Implementing a scaled back program won’t diminish the project’s broader infrastructure needs, which Mayor Jones describes as “unusual.” Two of the biggest issues include the “Balloon Track” and Trout Creek.
The Balloon Track, a loop of railroad track owned by Union Pacific, was built in 1901 to facilitate the turning of snowplow trains. It’s in the way and must be moved to the eastern end of the site. The hardest part of that process — negotiating a deal with the Union Pacific — has already been accomplished. With that agreement in place, funding is the only obstacle left for the relocation.
Trout Creek is a slightly different story. As the key watershed feature on the site, it’s pinched between the Balloon Track and the highway, and it puts the project site squarely in the 100-year flood plain.
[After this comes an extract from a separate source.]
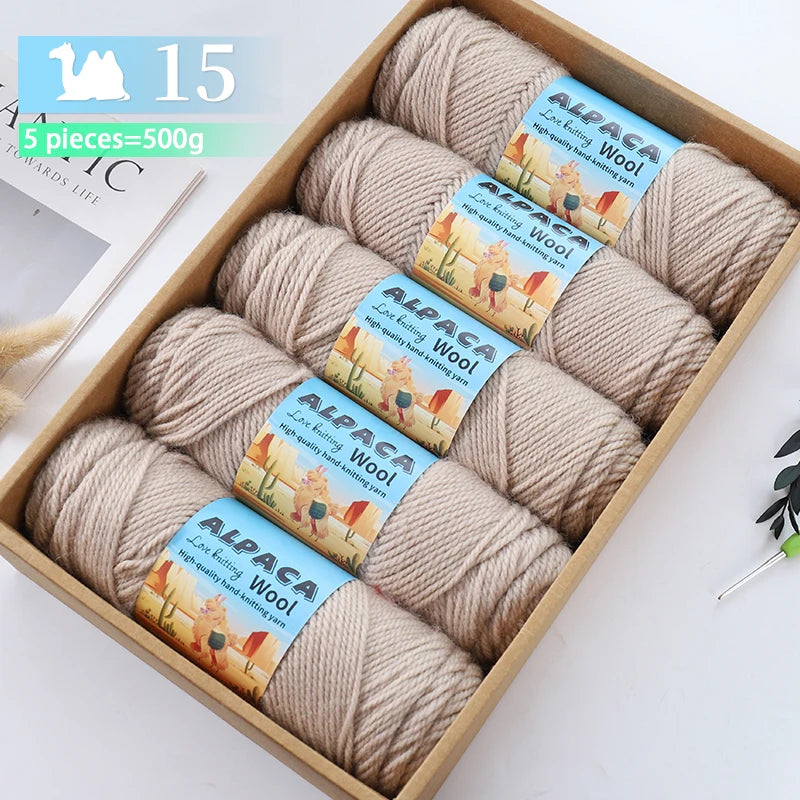 500g contient 5 écheveaux de fil de laine d'alpaga épais, 245 aiguilles, fil à tricoter, fil de matériel de bricolage pour pulls à tricoter, fil pour la fabrication de pulls en laine, grands manteaux, châles, chapeaux,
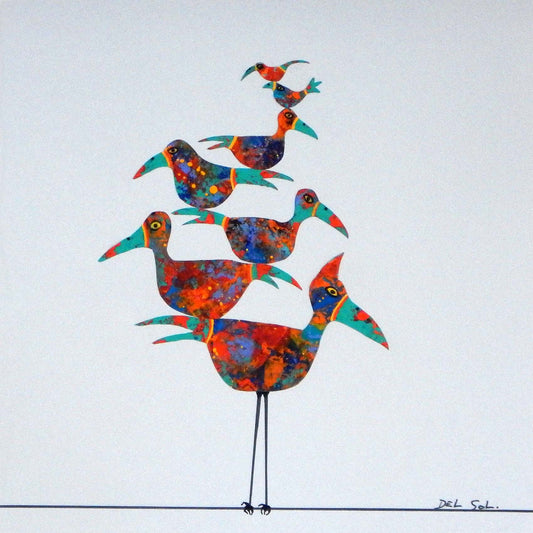 Funky Birds XCIII: Resting Birds, 12x12" image 0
Given that the area has already flooded twice in the past 30 years, it’s not a problem that can be easily overlooked. Moving the Balloon Track would help ease that constraint, but additional restoration and other efforts to minimize the risk of flood damage are required. Despite the setbacks in the four years since the project was first approved, progress has been made. Some construction, however small, is complete. One small building stands west of the railyard, serving as a model of the mixed-use development envisioned, as well as the look and feel of the architectural design. It even has a tenant, a local baker who moved in in May.
It’s a small start, but it’s also evidence the town has not given up its dream. The demise of the original financing plans is an impediment, but not something that would stop the project, say supporters, who continue to explore options.
“From the start, this project has been a great match for our town’s planning principals, and it continues to have a lot of momentum behind it,” Lashbrook says. “The most common question I get is, ‘When is it going to get started?’ ”
That is a question with no easy answer. In the best case, requiring some moon-and-stars alignment, infrastructure improvements could start in summer 2013 and be complete before the end of that year. The worst-case scenario is that the project never gets built. In the meantime, the project continues to receive broad public support.
“I’ve been in local government for 31 years, and I’ve never seen the kind of community support for development that I have for this railyard,” Lashbrook says. “It had great momentum until the economy and the redevelopment thing pulled the rug out. The positive energy is still there — we just need a little kick-start.”